Dwa tydnie wcześniej, zupełnie spontanicznie Pepe wyżebradożył upominek. Gdy tylko Elf Bednarski stanął u wrót krainy, Vagabundo zaczął cały trząść się z radości i prezentować cały wachlarz wszelakich znanych mu sztuczek. I tak Alma oddała mu Pana Łosia.
A ponadto, Pan Niedźwiedzki tak nas dziś muzycznie wprawił w świąteczny nastrój, że postanowiliśmy napisać list...
Drogi Święty Mikołaju,
Dziękujemy Ci za Pana Łosia i wiele wyjątkowych upominków w poprzednich latach .
Jak co roku byliśmy wyjątkowo niegrzeczni (nie będziemy licytować, które wiodło prym), powinieneś zatem przynieść nam po rózdze, zamiast starej drewnianej drabiny i "lizaka" dla Pepe (zanim zaliże Pana Łosia na śmierć).

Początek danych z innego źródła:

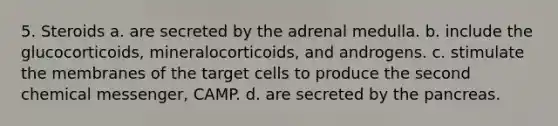 5. Steroids a. are secreted by the adrenal medulla. b. include the glucocorticoids, mineralocorticoids, and androgens. с. stimulate the membranes of the target cells to produce the second chemical messenger, CAMP. d. are secreted by the pancreas.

Na świecie wiele grzecznych dzieci i psów, które potrzebują "prezentów". Proszę pomóż im znaleźć ciepły i kochający dom, a ludziom, którzy wyrządzili im krzywdę-drogę w dobrym kierunku.
Posyłamy Ci moc uścisków, mokrych psich całusów, wesołych merdnięć ogonem i zaproszenie do naszej wagabundziej krainy na piernikową choinkę.